We designed activities that allowed co-designers to express and combine ideas in a variety of formats; incorporating movement, paper prototyping, visual and creative expression, alongside more usual written and verbal individual and group tasks.
We created the conditions for these activities to occur in a psychologically and physically safe environment by designing a culture of hospitality and welcome, and intentional non-design time to onboard, brief and debrief key sessions.
When our co-designers gathered in-person for the first time, united by their common interest in improving the TEDx experience, the room was a buzz, as their diverse mix of lived experience and professional expertise came together in a series of divergent and convergent activities.
These activities included building an understanding of others perspectives and experiences, surfacing key elements of past experiences and ideas for future ones, catalysing new possibilities by combining ideas with others, co-creating shared visions of the future, negotiating the finer detail through physical making, planning in small groups how to represent their shared vision with others, and finally sharing and contributing to cooperative dialogue to exchange information and build relationships between the ideas presented. In this final phase, dialogue revealed rich themes which continued into follow up sessions, the threads of potential containing invaluable insight about community expectations beneath each of the three visions for future experiences created.
Buoyed by the richness of themes and insights taking shape in the final activities of the design phase, our team turned their attention to synthesis.
This process was cumulative; initially capturing, sorting and representing the visual, written and performed descriptions of thousands of experiences, ideas and opinions in over 90 hours of community engagement into recognisable outputs for stakeholders.
From this starting point, we integrated bigger themes and individual threads of these ideas into a long working list of focus areas and insights, presenting those in draft form to the support team for their advice and feedback.

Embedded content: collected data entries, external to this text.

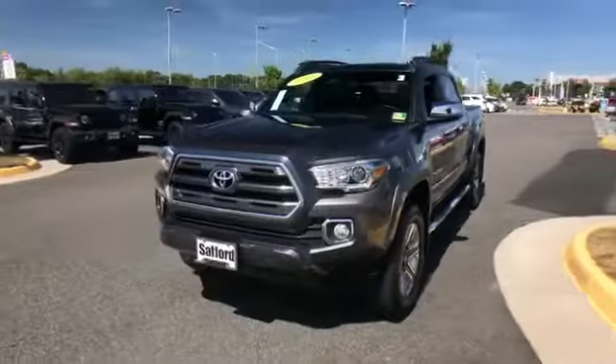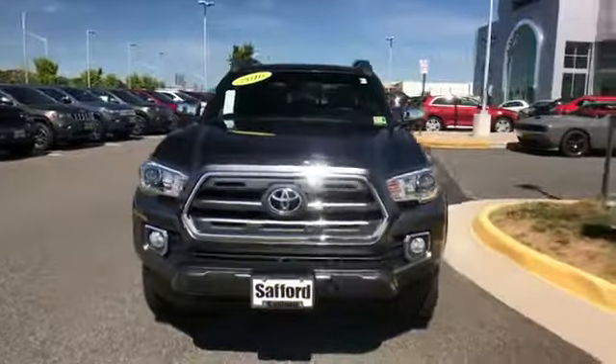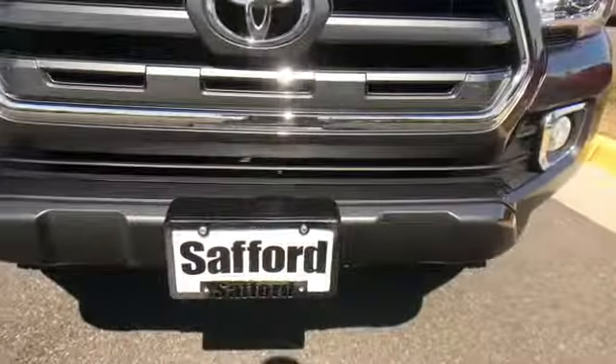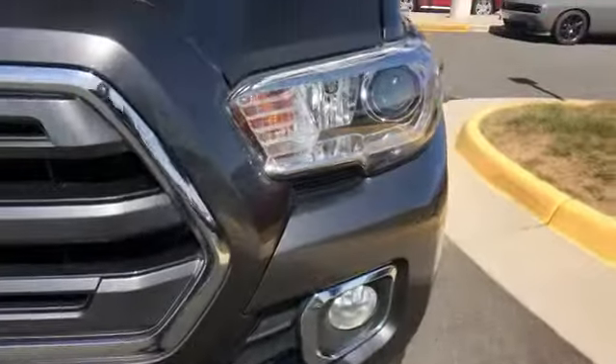2016 Toyota Tacoma with less than 38,000 miles on the odometer. This pickup truck offers two full rows of seating for premium comfort.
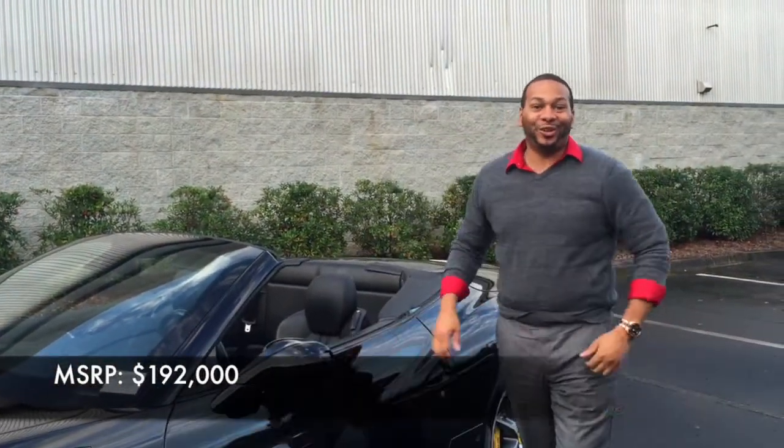That was a quick tour of the Ferrari California — it's one of my favorite brands so I was really excited to do this car. I want to thank the viewers for watching. Please remember to like, share, and subscribe to my YouTube channel, and I'll catch you guys in the next one.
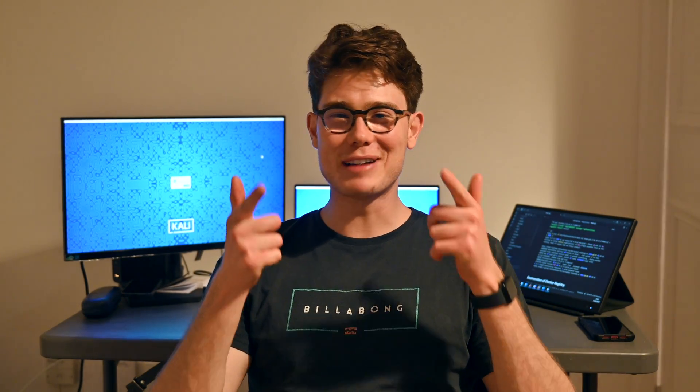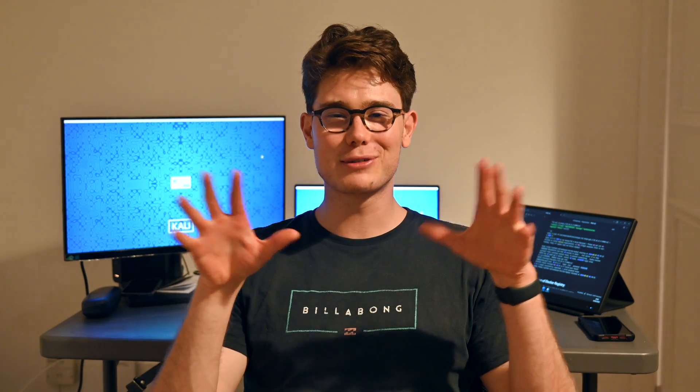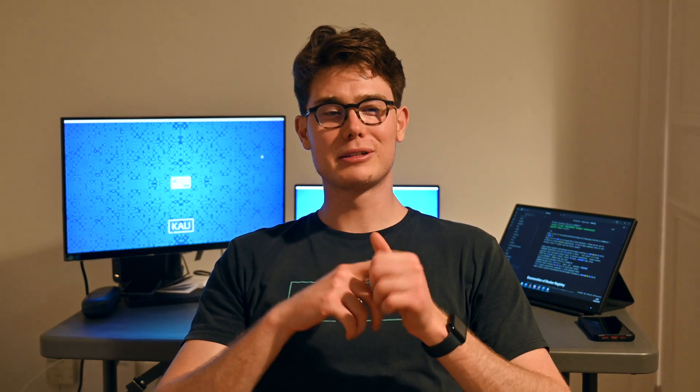I'm back and I'm better than ever. I've got Clint the video guy behind the camera now, so video production quality is going to be much better. Hopefully you guys enjoy it — if you do, please like and subscribe.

The final report highlighted the evidence behind each insight from the multitude of visual, audio and written outputs provided by co-designers, providing a clear and concise set of focus areas and insights to inform TEDx’s annual strategic planning. The report continues to act as a key reference point for decision making, and provide a platform for community voices and contributions to influence TEDx’s strategic choices.
Jon YeoHead of Curation, TEDxMelbournePrime Motive’s findings and recommendations were both astute and exciting, giving our Leadership team the tools needed to drive further community engagement across many different platforms.”
As TEDx’s annual strategy started to take shape, our focus turned to engagement and designing artefacts to share and embed project outcomes - continuing our work to build relationships between community and purpose.
A central event in this handover phase was the showcase, celebrating the contributions of co-designers and support team, and hosting an open forum in partnership with TEDx’s leadership team to continue the work of designing and refining the strategy together.
In this intimate workshop setting with familiar participants, we were able to go beyond the first or second iteration of co-design to support TEDx to ask the deeper, harder questions - the answers to which generated artefacts and deepened social connection between community and organisation, to continue to support the translation of vision to action in the coming year.
The approach centred on engaging a vibrant and diverse community to co-design possible futures and we achieved that outcome. TEDx have a new focus and are equipped to make decisions on opportunities for the future.